The model interpretation for the transformed response is as follows:
For a one unit change in Engine.HP (engine horsepower), we expect the transformed MSRP to increase by a factor of 0.1237.
For a one unit change in highway.MPG (highway miles per gallon), we expect the transformed MSRP to increase by a factor of 0.4784.
Relative to the base level of Vehicle Size, which is “Vehicle.Size0Compact”, the difference between the base level and Vehicle.Size0Large is -3.1078. This is a negative “difference”, which intuitively suggests that we expect a large size vehicle to be 3.1078 units more expensive than the compact size vehicle.
Relative to the base level of Vehicle Size, which is “Vehicle.Size0Compact”, the difference between the base level and Vehicle.Size0Midsize is -1.1792. This is a negative “difference”, which intuitively suggests that we expect a mid size vehicle to be 1.1792 units more expensive than the compact size vehicle.
From this model, we can deduct a few key findings.

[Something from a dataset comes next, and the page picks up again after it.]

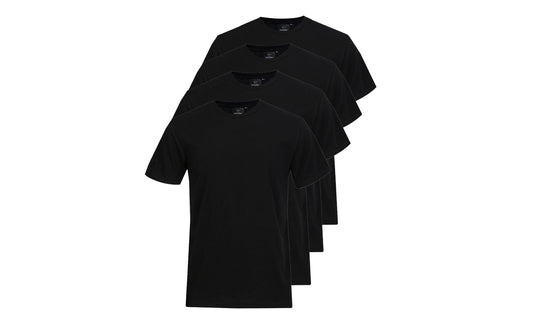 Switcher, 4er-Pack Unisex T-Shirt Max Schwa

To begin, highway miles per gallon and engine horsepower are both positively related with the response variable MSRP. Both of these factors are often considered in the car buying process, and we would expect that higher horsepower or highway miles per gallon would indicate a higher price of the car. This model aligns with this intuitive assumption of the car buying process. Also, this model suggests that price increases as the size of the car increases. This is also an intuitive assumption that aligns with the car buying process as larger cars when compared to smaller cars, with other variables held constant, are generally more expensive.
This model requires a transformation of the response variable which is a drawback in terms of the practical interpretation. A data set that aligns more closely with the assumptions of the linear regression modeling practices would yield a more practical interpretation. This model can be applied to cars that fall within the parameters of the cars within the data sets. Using this model for cars outside of the parameters of the cars within the dataset will likely yield misleading or wrong information.